What this task involves:
The records below are to be retyped in full. Keep every word.

BEGIN Information supplied

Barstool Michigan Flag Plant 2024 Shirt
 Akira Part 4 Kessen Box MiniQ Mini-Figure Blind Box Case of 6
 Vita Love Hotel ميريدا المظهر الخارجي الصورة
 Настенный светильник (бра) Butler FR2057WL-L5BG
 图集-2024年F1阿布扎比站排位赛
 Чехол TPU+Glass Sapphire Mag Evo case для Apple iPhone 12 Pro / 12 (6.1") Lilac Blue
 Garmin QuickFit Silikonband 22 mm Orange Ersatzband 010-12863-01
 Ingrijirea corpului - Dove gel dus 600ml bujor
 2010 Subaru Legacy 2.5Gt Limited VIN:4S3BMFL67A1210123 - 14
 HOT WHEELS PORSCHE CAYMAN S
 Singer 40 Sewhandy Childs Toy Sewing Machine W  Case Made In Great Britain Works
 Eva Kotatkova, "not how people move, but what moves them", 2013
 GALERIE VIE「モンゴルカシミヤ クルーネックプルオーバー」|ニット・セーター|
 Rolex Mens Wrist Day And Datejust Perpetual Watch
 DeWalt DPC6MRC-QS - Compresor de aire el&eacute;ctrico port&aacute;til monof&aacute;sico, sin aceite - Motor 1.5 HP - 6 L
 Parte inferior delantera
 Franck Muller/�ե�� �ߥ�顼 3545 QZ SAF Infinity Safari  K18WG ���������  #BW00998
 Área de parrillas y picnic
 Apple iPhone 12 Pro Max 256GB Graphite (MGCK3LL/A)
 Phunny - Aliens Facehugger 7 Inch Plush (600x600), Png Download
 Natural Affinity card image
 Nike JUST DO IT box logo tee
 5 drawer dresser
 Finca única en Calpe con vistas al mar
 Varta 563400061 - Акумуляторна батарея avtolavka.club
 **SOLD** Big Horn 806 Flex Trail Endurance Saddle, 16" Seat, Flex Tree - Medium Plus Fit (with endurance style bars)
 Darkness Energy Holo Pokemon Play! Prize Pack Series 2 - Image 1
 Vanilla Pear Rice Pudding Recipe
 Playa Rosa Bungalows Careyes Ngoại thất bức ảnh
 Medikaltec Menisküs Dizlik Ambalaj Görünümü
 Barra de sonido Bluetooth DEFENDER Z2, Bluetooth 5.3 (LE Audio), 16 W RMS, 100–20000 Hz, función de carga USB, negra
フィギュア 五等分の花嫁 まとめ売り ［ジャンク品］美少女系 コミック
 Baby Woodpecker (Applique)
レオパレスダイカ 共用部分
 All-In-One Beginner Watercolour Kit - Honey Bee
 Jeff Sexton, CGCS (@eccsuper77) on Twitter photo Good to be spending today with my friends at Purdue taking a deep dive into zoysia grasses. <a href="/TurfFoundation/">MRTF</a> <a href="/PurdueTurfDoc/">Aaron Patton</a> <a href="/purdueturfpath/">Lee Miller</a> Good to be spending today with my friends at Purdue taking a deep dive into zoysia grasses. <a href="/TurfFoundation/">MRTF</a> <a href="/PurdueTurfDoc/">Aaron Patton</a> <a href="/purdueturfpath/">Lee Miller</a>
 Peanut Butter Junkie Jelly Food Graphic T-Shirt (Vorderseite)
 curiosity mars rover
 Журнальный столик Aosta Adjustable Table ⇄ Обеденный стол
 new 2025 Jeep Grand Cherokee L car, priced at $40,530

END Information supplied

Finished exercise:
Barstool Michigan Flag Plant 2024 Shirt
 Akira Part 4 Kessen Box MiniQ Mini-Figure Blind Box Case of 6
 Vita Love Hotel ميريدا المظهر الخارجي الصورة
 Настенный светильник (бра) Butler FR2057WL-L5BG
 图集-2024年F1阿布扎比站排位赛
 Чехол TPU+Glass Sapphire Mag Evo case для Apple iPhone 12 Pro / 12 (6.1") Lilac Blue
 Garmin QuickFit Silikonband 22 mm Orange Ersatzband 010-12863-01
 Ingrijirea corpului - Dove gel dus 600ml bujor
 2010 Subaru Legacy 2.5Gt Limited VIN:4S3BMFL67A1210123 - 14
 HOT WHEELS PORSCHE CAYMAN S
 Singer 40 Sewhandy Childs Toy Sewing Machine W  Case Made In Great Britain Works
 Eva Kotatkova, "not how people move, but what moves them", 2013
 GALERIE VIE「モンゴルカシミヤ クルーネックプルオーバー」|ニット・セーター|
 Rolex Mens Wrist Day And Datejust Perpetual Watch
 DeWalt DPC6MRC-QS - Compresor de aire el&eacute;ctrico port&aacute;til monof&aacute;sico, sin aceite - Motor 1.5 HP - 6 L
 Parte inferior delantera
 Franck Muller/�ե�� �ߥ�顼 3545 QZ SAF Infinity Safari  K18WG ���������  #BW00998
 Área de parrillas y picnic
 Apple iPhone 12 Pro Max 256GB Graphite (MGCK3LL/A)
 Phunny - Aliens Facehugger 7 Inch Plush (600x600), Png Download
 Natural Affinity card image
 Nike JUST DO IT box logo tee
 5 drawer dresser
 Finca única en Calpe con vistas al mar
 Varta 563400061 - Акумуляторна батарея avtolavka.club
 **SOLD** Big Horn 806 Flex Trail Endurance Saddle, 16" Seat, Flex Tree - Medium Plus Fit (with endurance style bars)
 Darkness Energy Holo Pokemon Play! Prize Pack Series 2 - Image 1
 Vanilla Pear Rice Pudding Recipe
 Playa Rosa Bungalows Careyes Ngoại thất bức ảnh
 Medikaltec Menisküs Dizlik Ambalaj Görünümü
 Barra de sonido Bluetooth DEFENDER Z2, Bluetooth 5.3 (LE Audio), 16 W RMS, 100–20000 Hz, función de carga USB, negra
フィギュア 五等分の花嫁 まとめ売り ［ジャンク品］美少女系 コミック
 Baby Woodpecker (Applique)
レオパレスダイカ 共用部分
 All-In-One Beginner Watercolour Kit - Honey Bee
 Jeff Sexton, CGCS (@eccsuper77) on Twitter photo Good to be spending today with my friends at Purdue taking a deep dive into zoysia grasses. <a href="/TurfFoundation/">MRTF</a> <a href="/PurdueTurfDoc/">Aaron Patton</a> <a href="/purdueturfpath/">Lee Miller</a> Good to be spending today with my friends at Purdue taking a deep dive into zoysia grasses. <a href="/TurfFoundation/">MRTF</a> <a href="/PurdueTurfDoc/">Aaron Patton</a> <a href="/purdueturfpath/">Lee Miller</a>
 Peanut Butter Junkie Jelly Food Graphic T-Shirt (Vorderseite)
 curiosity mars rover
 Журнальный столик Aosta Adjustable Table ⇄ Обеденный стол
 new 2025 Jeep Grand Cherokee L car, priced at $40,530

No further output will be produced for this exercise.